DATA:
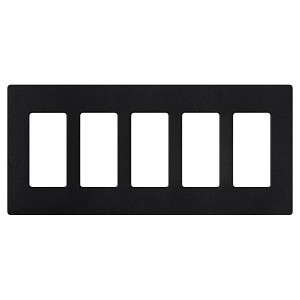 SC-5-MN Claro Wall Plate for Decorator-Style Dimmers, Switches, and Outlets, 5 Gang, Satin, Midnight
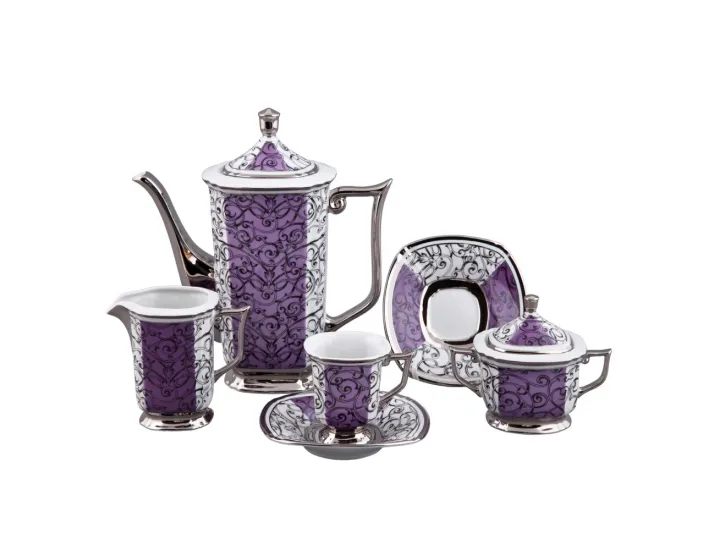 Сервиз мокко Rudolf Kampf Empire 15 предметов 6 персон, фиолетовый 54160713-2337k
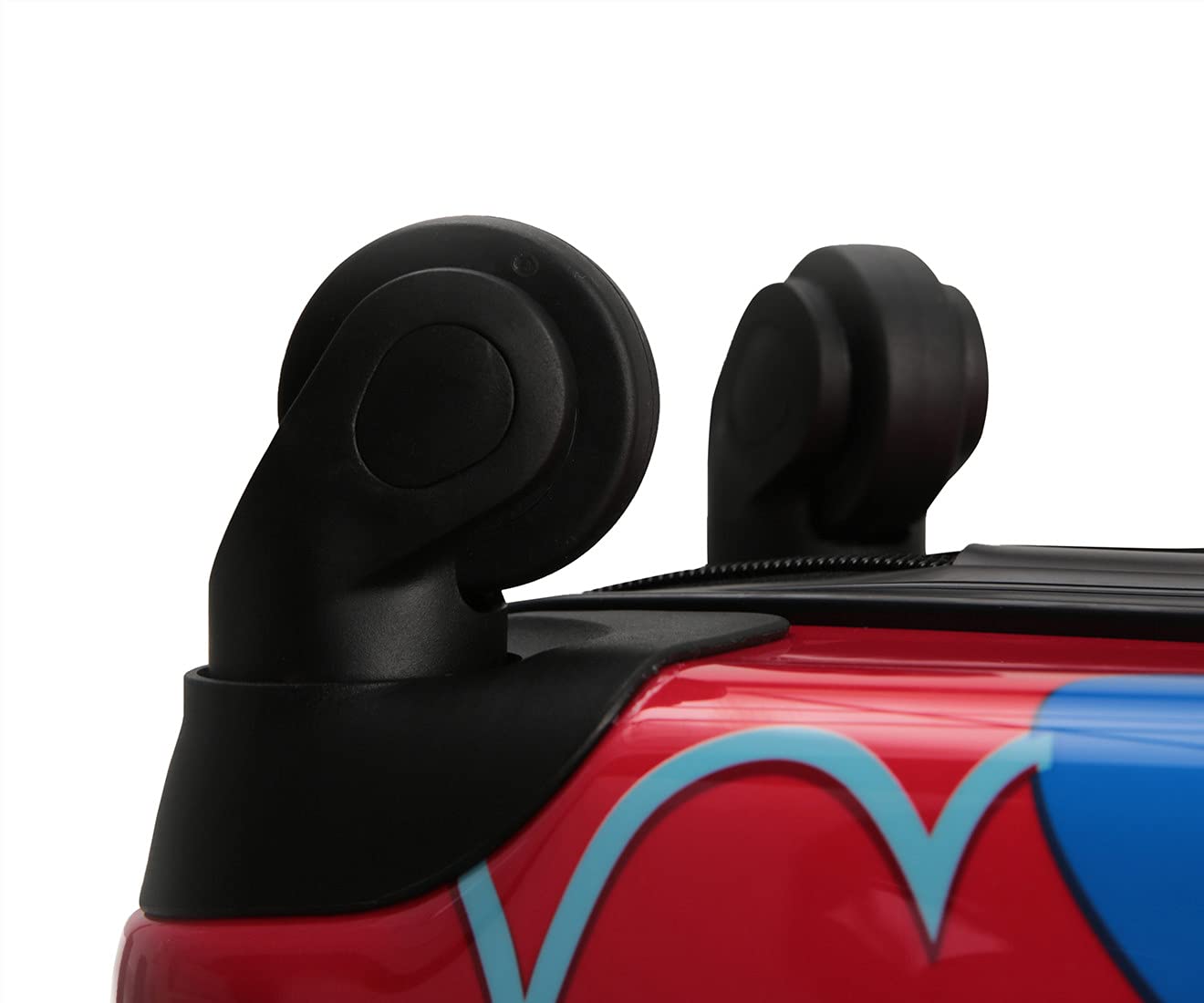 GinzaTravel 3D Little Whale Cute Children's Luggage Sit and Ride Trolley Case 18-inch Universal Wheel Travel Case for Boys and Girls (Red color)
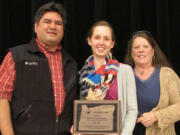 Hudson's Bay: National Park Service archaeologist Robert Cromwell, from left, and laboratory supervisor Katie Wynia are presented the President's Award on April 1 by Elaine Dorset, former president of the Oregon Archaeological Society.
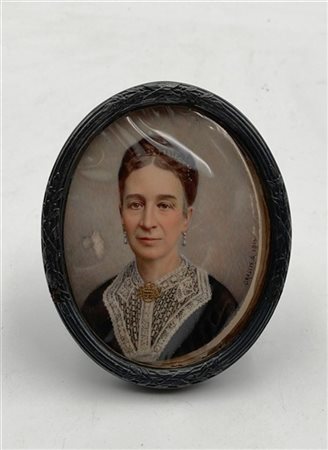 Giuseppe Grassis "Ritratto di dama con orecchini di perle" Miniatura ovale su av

---

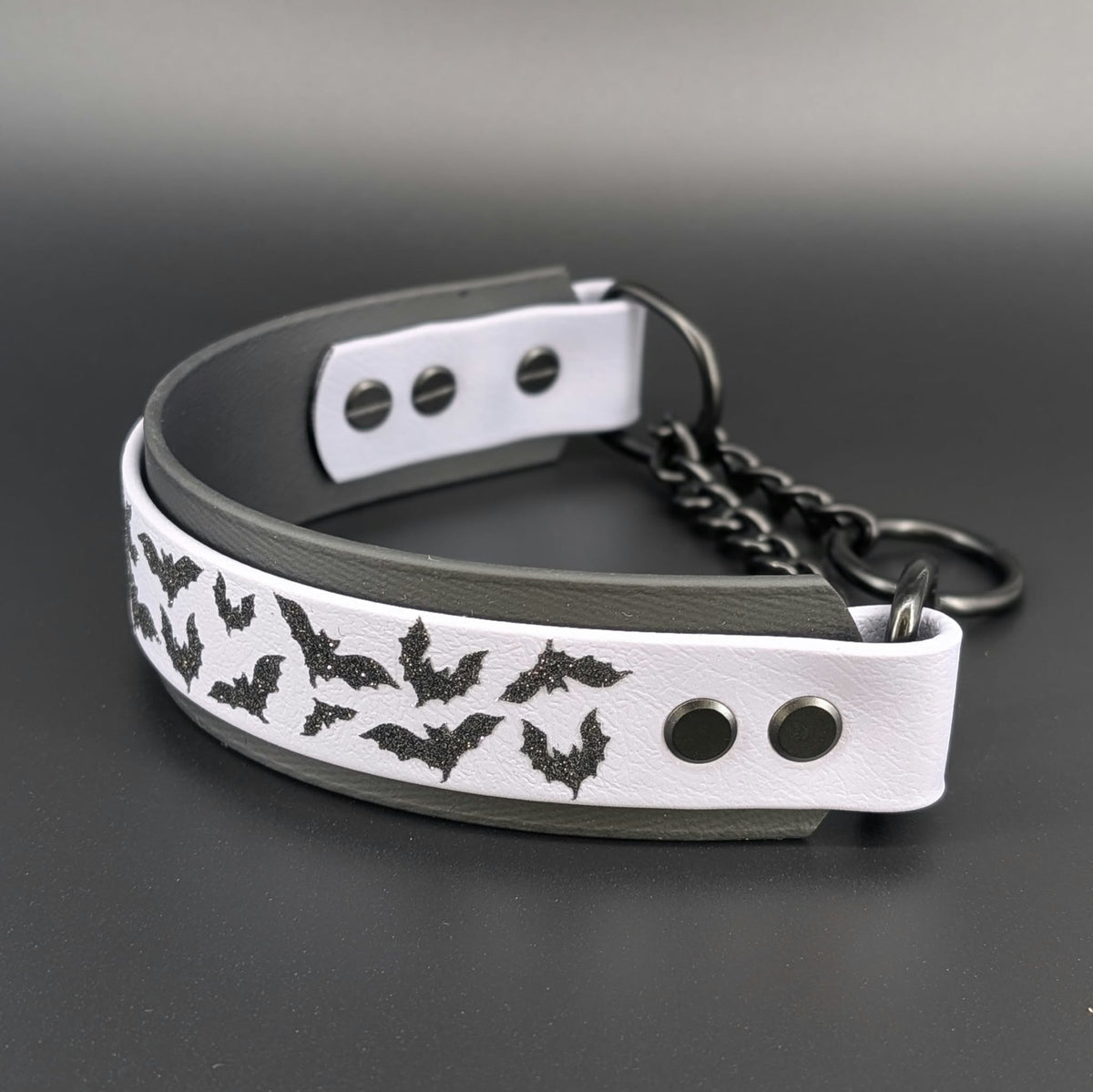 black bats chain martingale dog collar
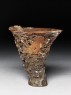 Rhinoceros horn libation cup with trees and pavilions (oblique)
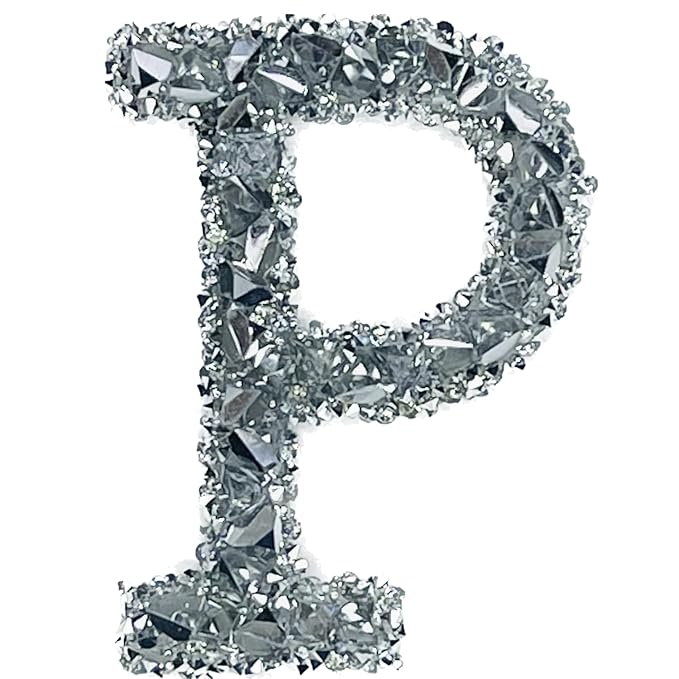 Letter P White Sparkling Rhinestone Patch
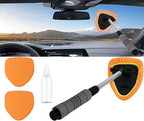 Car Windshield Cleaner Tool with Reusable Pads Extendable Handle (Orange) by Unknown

WHAT TO DO: In the listing above, find the line with "SC-5-MN Claro Wall" and output every line through the one with "ovale su av", exactly, without the pictures.

REPLY:
 SC-5-MN Claro Wall Plate for Decorator-Style Dimmers, Switches, and Outlets, 5 Gang, Satin, Midnight
 Сервиз мокко Rudolf Kampf Empire 15 предметов 6 персон, фиолетовый 54160713-2337k
 GinzaTravel 3D Little Whale Cute Children's Luggage Sit and Ride Trolley Case 18-inch Universal Wheel Travel Case for Boys and Girls (Red color)
 Hudson's Bay: National Park Service archaeologist Robert Cromwell, from left, and laboratory supervisor Katie Wynia are presented the President's Award on April 1 by Elaine Dorset, former president of the Oregon Archaeological Society.
 Giuseppe Grassis "Ritratto di dama con orecchini di perle" Miniatura ovale su av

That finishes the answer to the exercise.